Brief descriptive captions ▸
::::::::
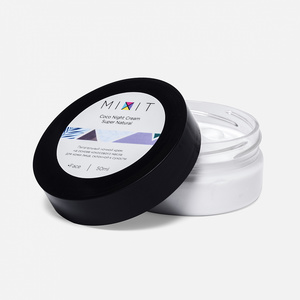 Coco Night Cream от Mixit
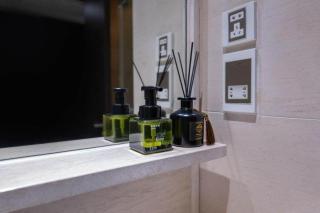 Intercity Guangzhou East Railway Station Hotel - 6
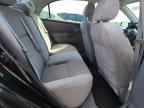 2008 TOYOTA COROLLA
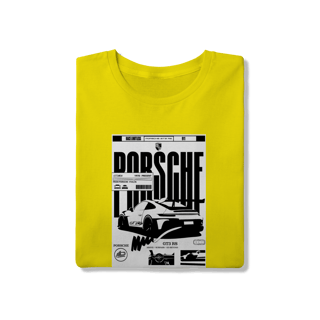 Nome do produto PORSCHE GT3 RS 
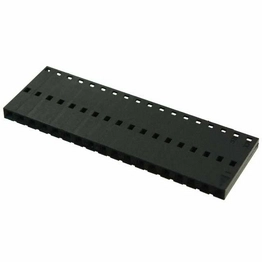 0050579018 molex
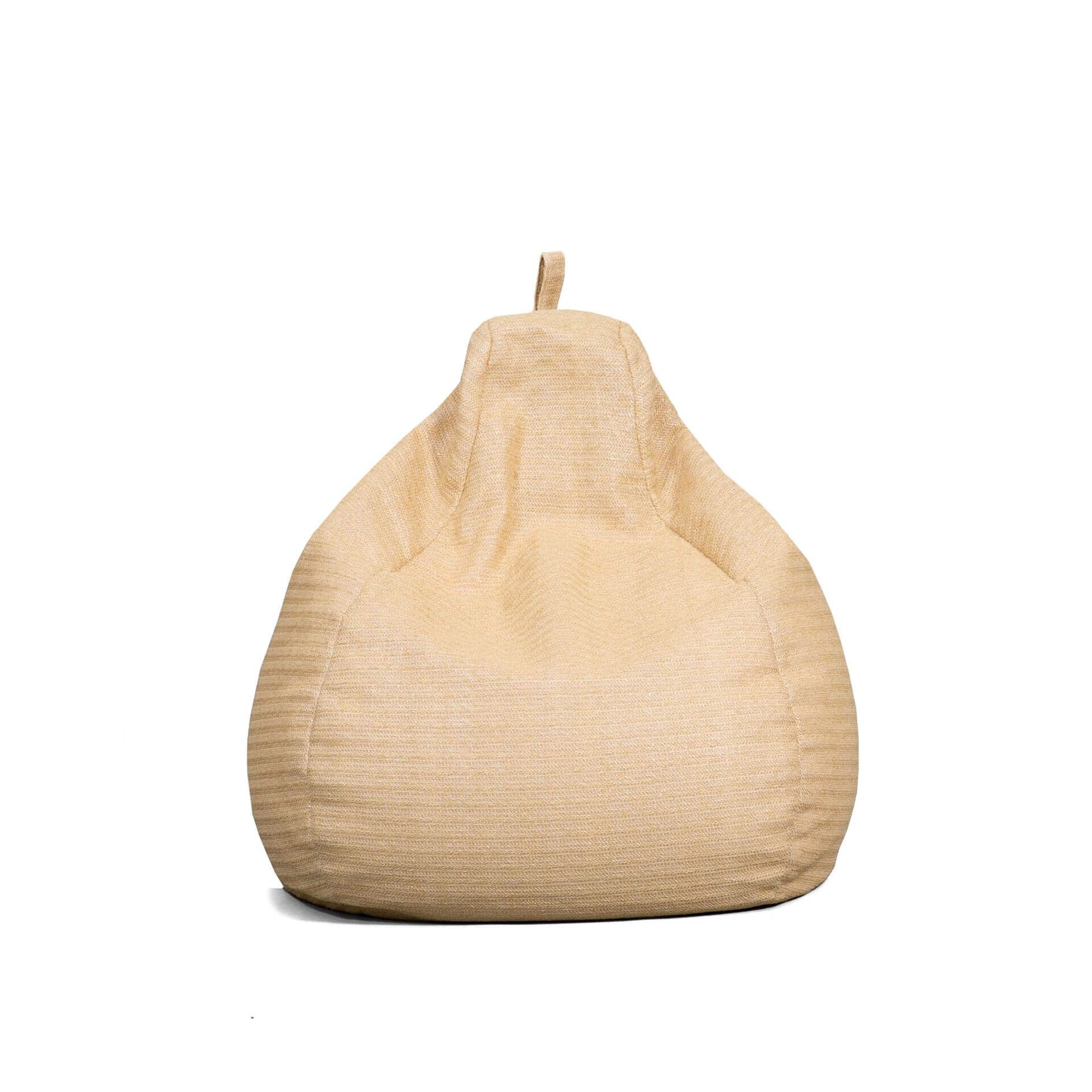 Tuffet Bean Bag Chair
::::::::
Exercise objective ▸ A word-for-word copy of all the records above is required, with the pictures left out.

Answer to the problem ▸
 Coco Night Cream от Mixit
 Intercity Guangzhou East Railway Station Hotel - 6
 2008 TOYOTA COROLLA
 Nome do produto PORSCHE GT3 RS 
 0050579018 molex
 Tuffet Bean Bag Chair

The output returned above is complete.